What you are asked to do
The finished copy must match the records exactly, except that it contains no pictures.

Provided data
- - -
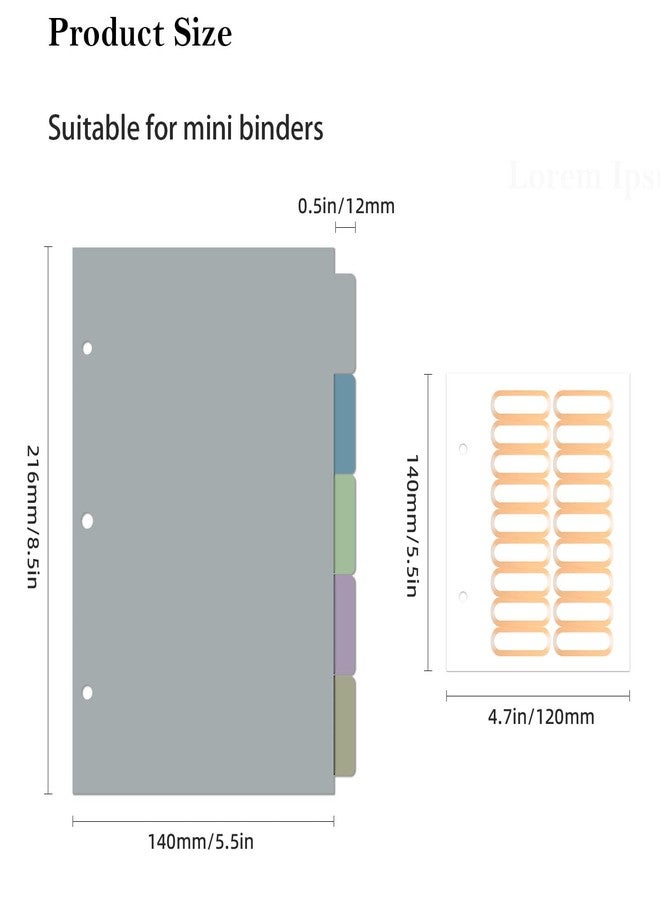 Ospelelf Binder dividers with tabs，dividers for 3 Ring Binder，5 Tab(5.5" * 8.5") - Image 4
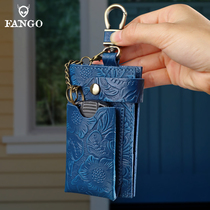 Handmade Genuine Leather Car Key Bag Mens Large Capacity Home Key Bag Waist Hanging Cow Leather Retro Key Buttoned Card Bag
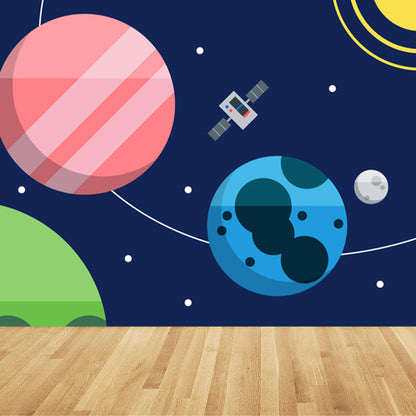 Vivolux | Kinder Cosmos Raumschiff Wandmural Sanfte Farbe Wasserabweisende Wandkunst für Jungenzimmer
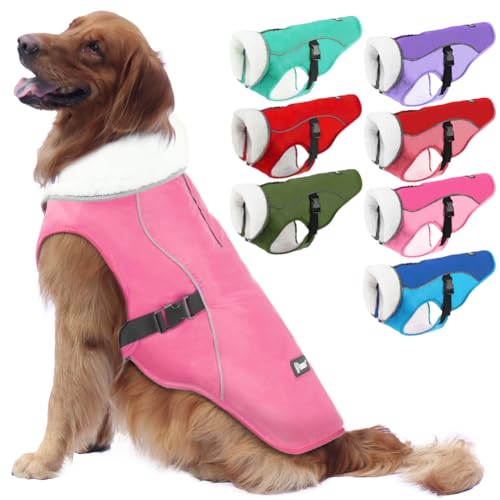 EMUST Winterhundemantel, wasserdicht, verstellbarer Hundemantel, für kleine/mittlere bis große Hunde, für den Winter, Rosa, L von EMUST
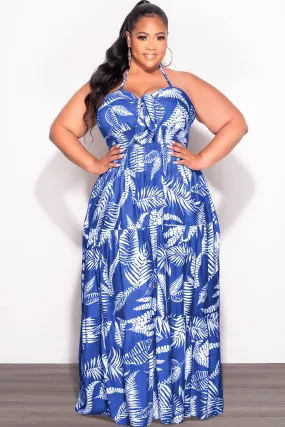 ExpandableSidePanels Final Sale Plus Size Halter Tiered Dress in Royal Blue and White Leaf Print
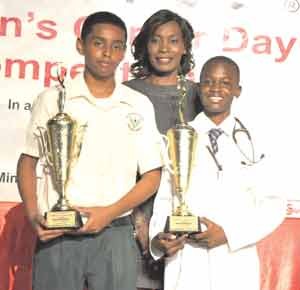Category winners Shamal Khan (left) and Patrick Thompson with the competition’s coordinator.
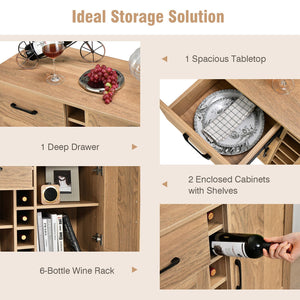 2-Door Buffet Sideboard with 6-Bottle Wine Rack Drawer view 9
- - -
Exercise response
 Ospelelf Binder dividers with tabs，dividers for 3 Ring Binder，5 Tab(5.5" * 8.5") - Image 4
 Handmade Genuine Leather Car Key Bag Mens Large Capacity Home Key Bag Waist Hanging Cow Leather Retro Key Buttoned Card Bag
 Vivolux | Kinder Cosmos Raumschiff Wandmural Sanfte Farbe Wasserabweisende Wandkunst für Jungenzimmer
 EMUST Winterhundemantel, wasserdicht, verstellbarer Hundemantel, für kleine/mittlere bis große Hunde, für den Winter, Rosa, L von EMUST
 ExpandableSidePanels Final Sale Plus Size Halter Tiered Dress in Royal Blue and White Leaf Print
Category winners Shamal Khan (left) and Patrick Thompson with the competition’s coordinator.
 2-Door Buffet Sideboard with 6-Bottle Wine Rack Drawer view 9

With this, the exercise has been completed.